Cost cuts leading to cuts in training places?
- Dr. Hanna does not expect much change in available places, just a growth of CP involvement in areas of risk and complexity, including acute wards and crisis services as opposed to a broadening of roles in primary care which will likely be served by a different skill mix than at present. There will be pressure on courses to teach more leadership and management skills: qualified CPs start as band 7 in the NHS which is the same as acute ward managers. Dr. Hanna took a leadership course himself after becoming a consultant. While he was initially hesitant to move beyond a more purely clinical role, he has found project management, strategy and policy, in particular, to be exciting and rewarding aspects to his work.
Dr.
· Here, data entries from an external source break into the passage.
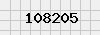 security_code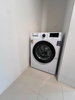 listing thumbnail image 8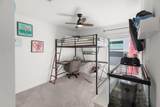 6309 Leafmore Lane - Photo 21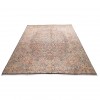 拉瓦尔 伊朗手工地毯 代码 187321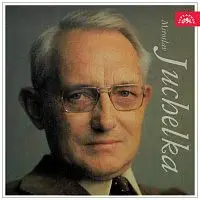 Různí interpreti – Miroslav Juchelka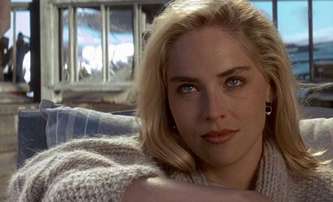 Sharon Stone ze Základního instinktu promluvila o fyzickém napadení | Fandíme filmu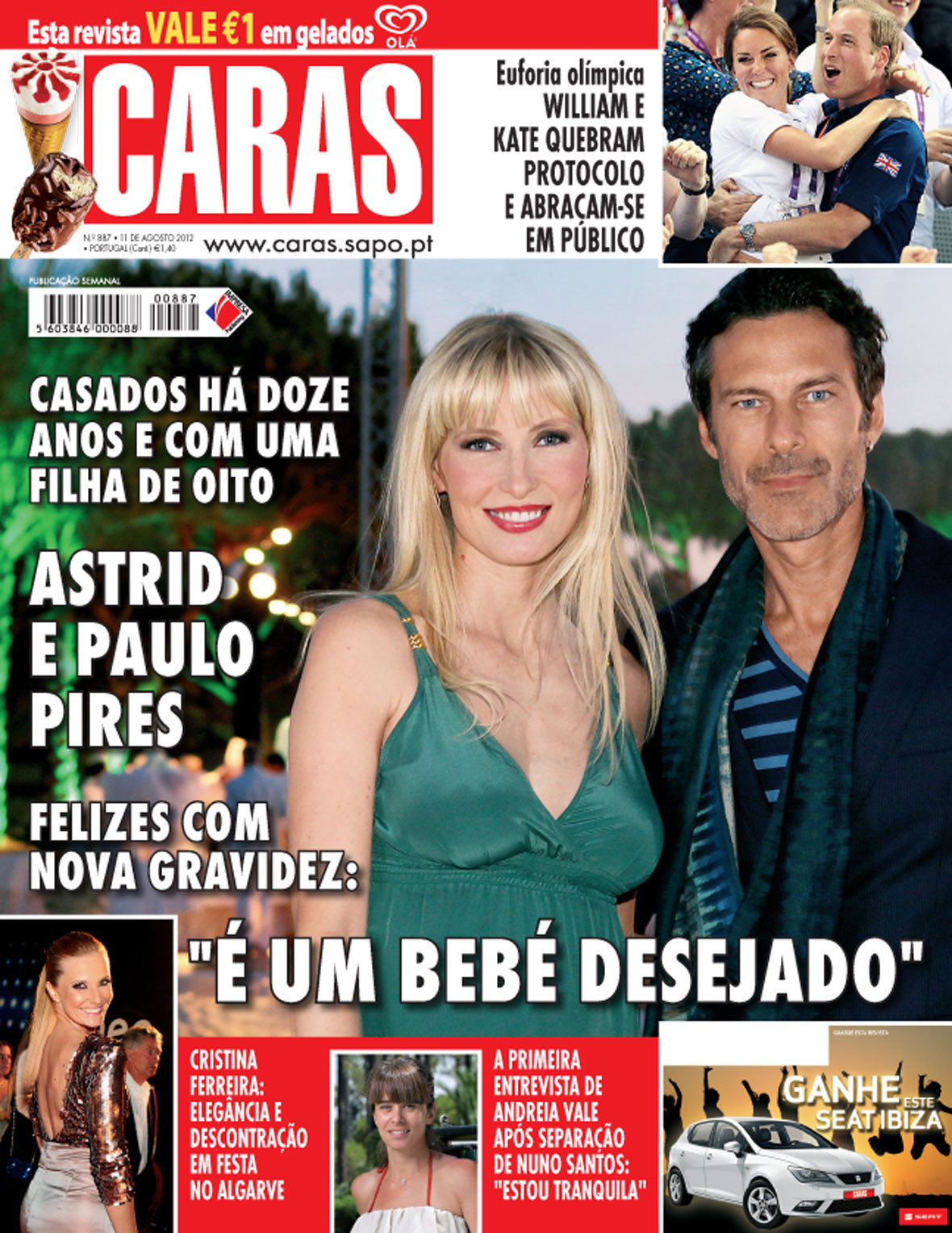 Capa-887.jpg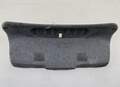 Обшивка багажника BMW 3 E46 1998-2005 - 55263490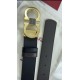 Ferragamo D886240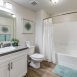 Main picture of Condominium for rent in Temecula, CA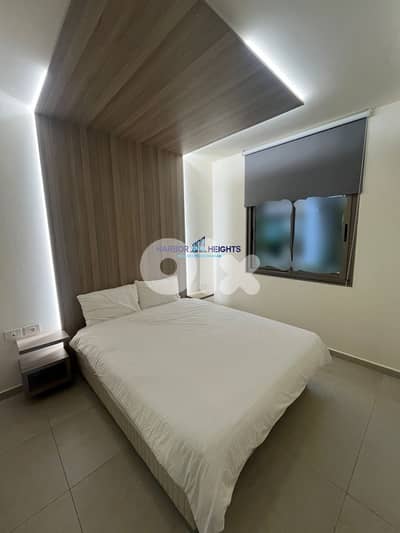 Chalet for Sale in Halat - شاليه للبيع في حالات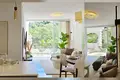 3 bedroom apartment 106 m² Benahavis, Spain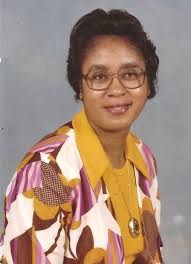 Obituary for Evelyn Juanita (Phillips) Gates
Hanna’s career trajectory?
- Trained in USA, mainly to serve people with severe and enduring mental health difficulties.
- He has mainly worked with CMHTs, but has also worked in an AOT.
Running groups on the wards?
- Leaving Hospital Group is run as an open discussion, as opposed to preplanning which exact topics will be discussed. Talk focuses around moving on from hospital and thoughts about leaving hospital with a now-towards-the-future orientation. Central concerns are developed after a few themes emerge, and the group works together to explore and find practical and psychological solutions to these concerns. It is often necessary to guide people back to the focus of the group; roughly every 3rd group is “difficult” due to unanticipated disruption—but the group is generally felt to be worthwhile.
Psychological testing on the wards?
- A variety of tests are applied for screening for different problems; WRAT/premorbid IQ tests, memory test when suspicion of Korsakoff's Syndrome, tests for impulse control and, primarily, the WAIS for general intellectual functioning.
- Trainees often help with testing.
Future of CPs
- Tim Cate, outgoing chair of Division of Clinical Psychology of the BPS believes that 50% of CPs won’t work directly for Trusts but will be contracted, working for private organisations.
- Dr. Hanna believes this may come to be true, but also that graduating CPs cannot rely on posts in “traditional” settings (eg psychology departments). There is likely to be a greater call for doctoral level expertise in areas of high risk and complexity—potential applicants would be advised to consider gaining experience in these areas. There could be a growth of CPs working with psychosis & at risk people, in crisis teams, CHMTs and assertive outreach teams – this means CPs will work where they are most needed, which will be challenging and stressful but also rewarding.
- There will be new Band 6 posts for Cognitive Behavioural Therapists (CBT therapists) which will be likely be regulated by the British Association for Behavioural and Cognitive Psychotherapies. These posts may provide an attractive alternative to other avenues should applicants find that they are not readily gaining interviews for clinical psychology training courses.
The group thanked Dr. Hanna for his time and sharing his ideas.